#### [INSTRUCTIONS TO FOLLOW]
Copy the listing exactly, images excluded.

### SUPPLIED MATERIAL ###

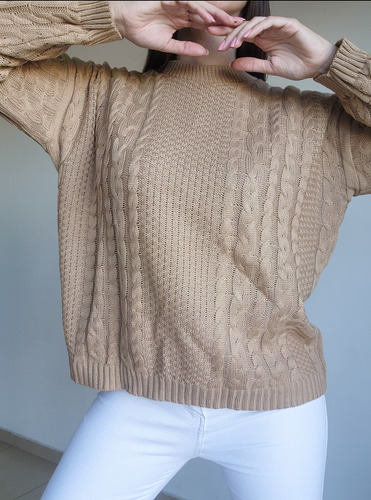 Sweater Mujer Tramado Lana Acrilica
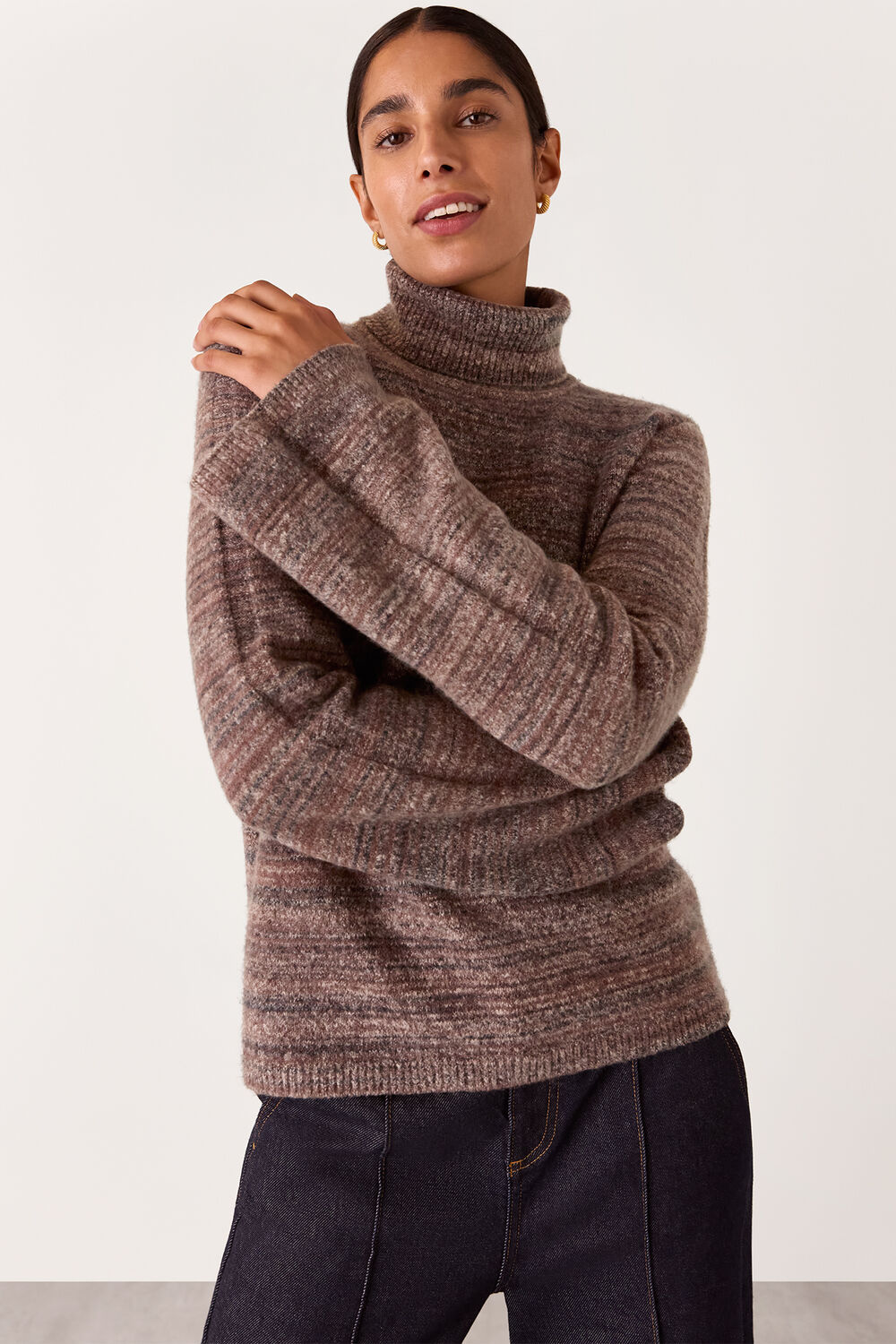 Textured Funnel Neck Knit
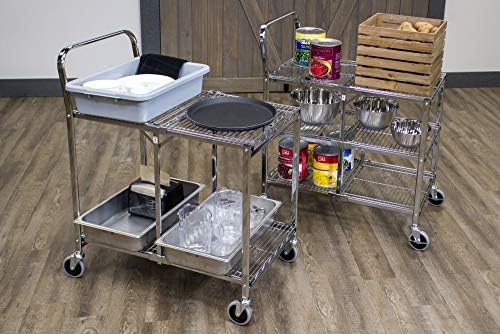 Luxor WSCC-2 Two-Shelf Collapsible Wire Utility Cart with Wheels, Push Heavy Duty,Holds 200 Pounds and Folds Up for Storage, 37"W x 18.25"D x 30.5"H - Image 3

###

#### [OUTPUT FOR THIS TASK]
 Sweater Mujer Tramado Lana Acrilica
 Textured Funnel Neck Knit
 Luxor WSCC-2 Two-Shelf Collapsible Wire Utility Cart with Wheels, Push Heavy Duty,Holds 200 Pounds and Folds Up for Storage, 37"W x 18.25"D x 30.5"H - Image 3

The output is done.